Modi pointed out that the number of people from Bihar stranded is very large, with more than 17 lakh having received financial assistance of Rs 1,000 each from the state government and nearly 10 lakh more applications being under process.
Punjab Chief Minister Amarinder Singh urged Prime Minister Narendra Modi to arrange special trains.
According to officials, there are nearly 10 lakh migrant labourers in Punjab. Approximately 70 per cent of these are from Bihar.
Telangana Animal Husbandry Minister T Srinivas Yadav also demanded that the Centre arrange special trains and provide free transportation.
Noting that there are about 15 lakh migrant workers in Telangana, who hail from states like Bihar, Jharkhand and Chhattisgarh, he said it takes about three to five days for them to reach their home states if they travel by buses.
Rajasthan Chief Minister Ashok Gehlot on Wednesday night said until the Centre allows the Railways to operate it will practically not be possible to facilitate 'smooth and hassle free' transport of the migrant workers to their homes.
He said in a couple of days Rajasthan got registration of more than six lakh migrants from across the country including the four southern states, Maharashtra, West Bengal and Assam.
Tamil Nadu Chief Minister K Palaniswami said the state will wait for clear cut instructions from the Centre on the mode of transportation and the wherewithal involved in the process.
A Delhi government official said states will send buses to bring back their natives stranded in the national capital.
Uttar Pradesh Chief Minister Yogi Adityanath asked officials to keep ready quarantine centres, shelter homes and community kitchens as the state prepares for the return of migrant workers stranded in different parts of the country.
Adityanath appealed to those stranded in other states to be patient and not start walking towards their homes.
'Maintain patience that you have shown till now.

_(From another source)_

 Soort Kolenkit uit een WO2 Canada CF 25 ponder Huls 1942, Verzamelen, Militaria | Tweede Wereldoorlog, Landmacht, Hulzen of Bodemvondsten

A detailed plan is being prepared after contacting states concerned to ensure that all return to their homes safely. Therefore, stay where you are and remain in contact with the respective state governments. Do not start moving on foot,' he said in a tweet.
An official spokesperson said in Lucknow that workers stranded in Madhya Pradesh will be brought back on Thursday and those in Gujarat on Friday by buses. Around 13,000 people are also being brought back from Haryana.

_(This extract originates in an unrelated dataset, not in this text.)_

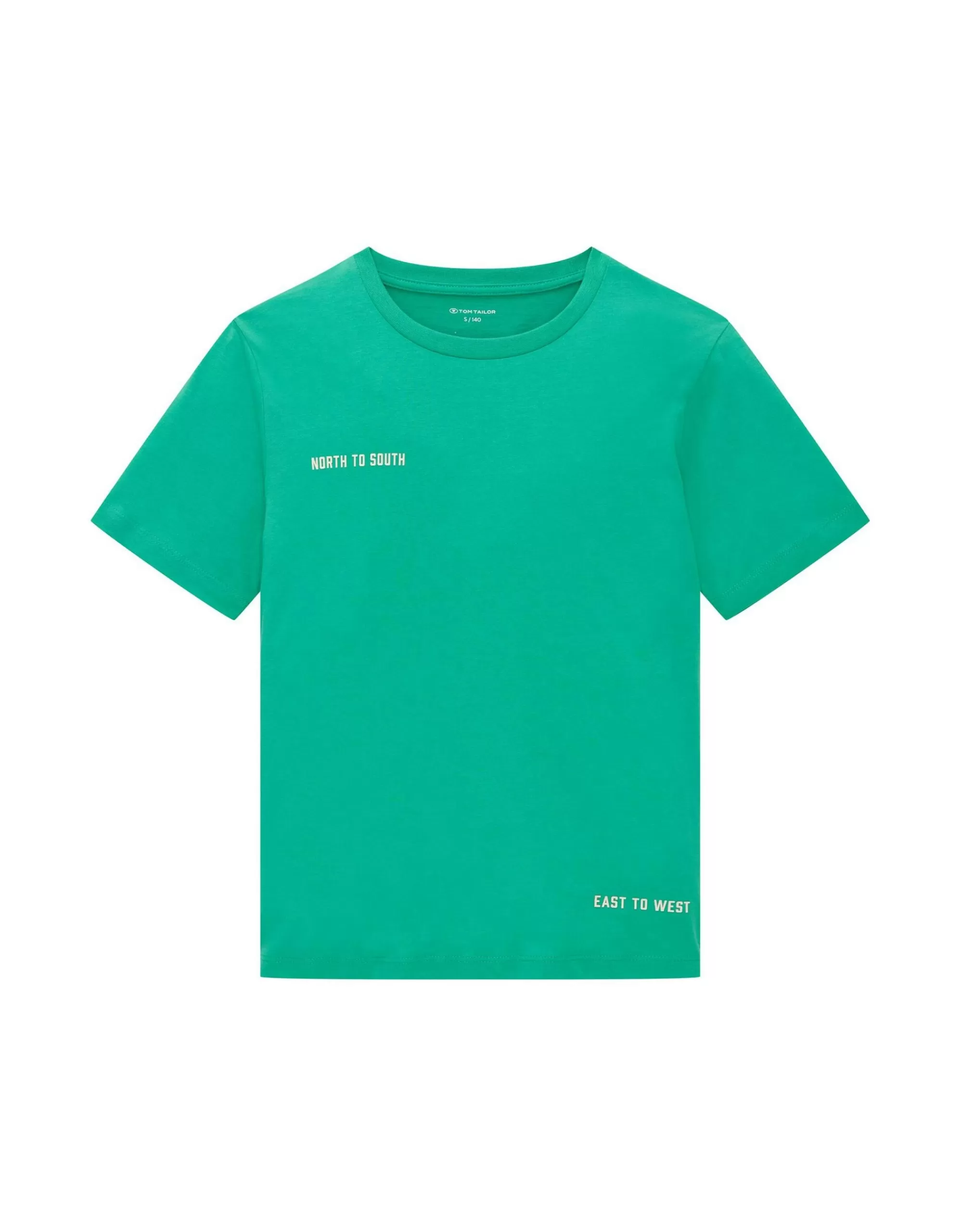 Boys T-Shirt Mit Textprint-TOM TAILOR Sale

The chief minister asked officials to prepare quarantine centres, shelter homes and community kitchens to cater to 10 lakh people.
Though state governments are working on plans for the movement of migrant workers it was not known whether the entire affected lot would like to return to their homes since plans are also afoot to scale up industrial activities after May 3.

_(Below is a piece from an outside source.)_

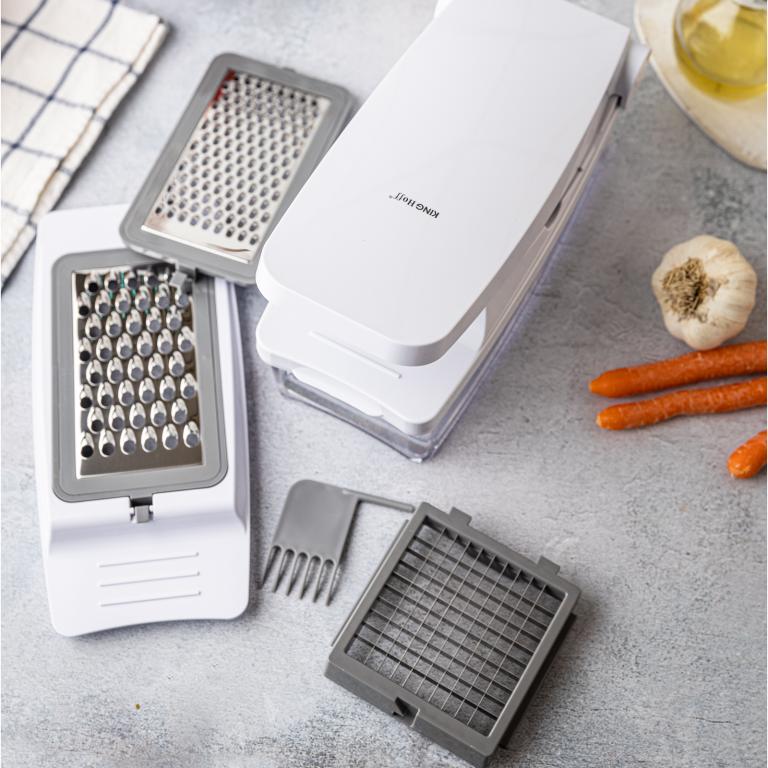 Szatkownica do warzyw, z wymiennymi ostrzami, KINGHOFF, KH-1873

For example, the Karnataka government has decided to allow industrial activities across the state barring COVID-19 containment zones from May 4.
Law and Parliamentary Affairs Minister J C Madhuswamy said a one-time movement of migrant workers and others will be allowed and the state government would arrange buses for those in need but they should bear the expenses.
In Gujarat, the state government stepped up its efforts to send back the migrant labourers, who are mostly from Uttar Pradesh.
Additional Chief Secretary, Labour and Employment, Vipul Mitra, said around 4,000 migrant workers kept at various shelter homes will be sent back to their home states soon.
Of them, around 2,300 are from Uttar Pradesh alone, while others are from neighbouring states like Rajasthan, Madhya Pradesh and Maharashtra.